## [RECORDS PROVIDED]
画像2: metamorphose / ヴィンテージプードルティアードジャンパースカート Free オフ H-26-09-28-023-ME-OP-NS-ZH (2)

--

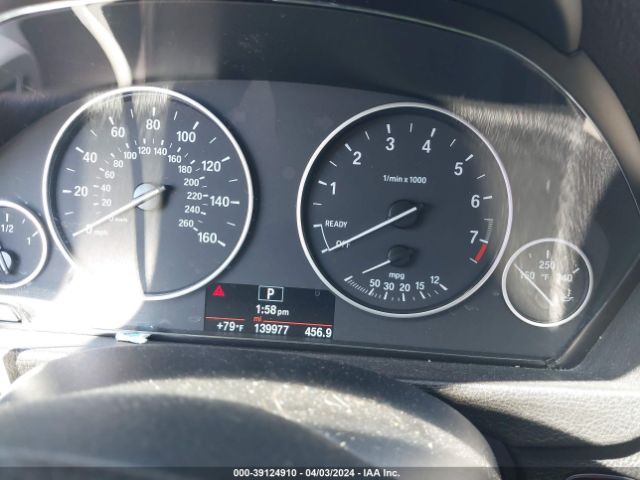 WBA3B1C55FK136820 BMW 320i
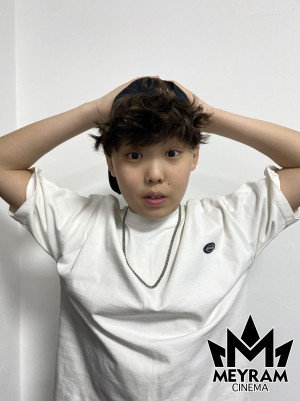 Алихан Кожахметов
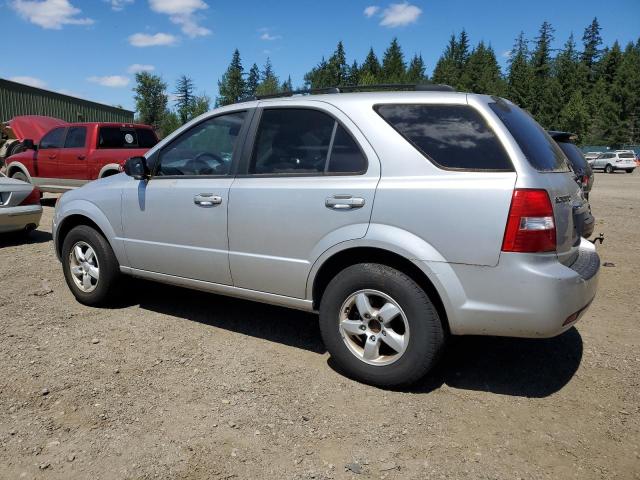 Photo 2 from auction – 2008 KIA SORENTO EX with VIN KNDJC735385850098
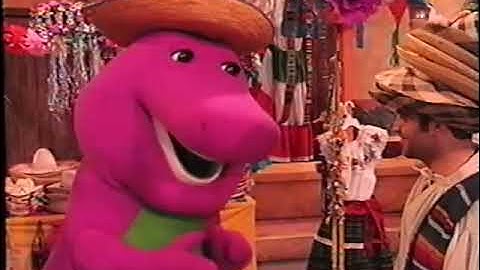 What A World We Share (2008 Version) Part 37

...

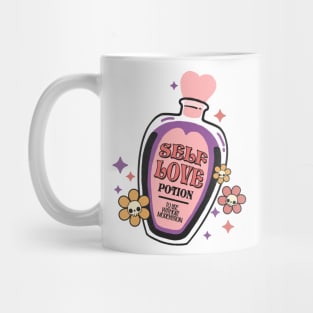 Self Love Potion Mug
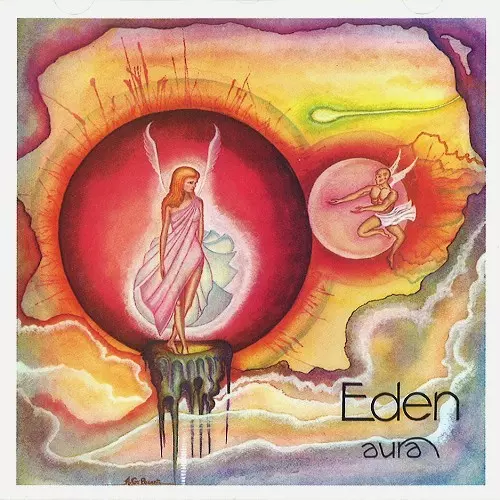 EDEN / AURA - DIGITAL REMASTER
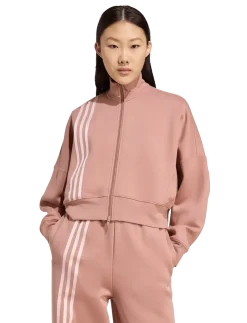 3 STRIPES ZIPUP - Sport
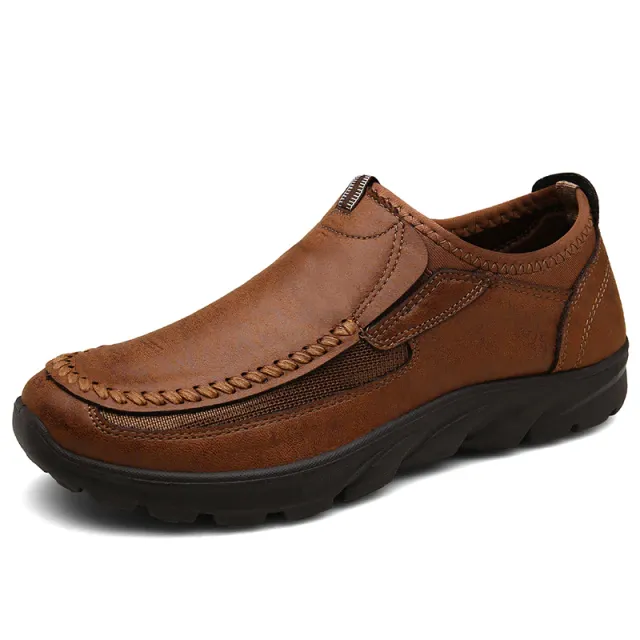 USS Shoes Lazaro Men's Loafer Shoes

## [ASSIGNED TASK]
Would you please repeat only the lines above, beginning at the one that has "Self Love Potion Mug" and stopping after the one that has "USS Shoes Lazaro Men's Loafer Shoes", exactly and with no pictures?

## [REPLY]
 Self Love Potion Mug
 EDEN / AURA - DIGITAL REMASTER
 3 STRIPES ZIPUP - Sport
 USS Shoes Lazaro Men's Loafer Shoes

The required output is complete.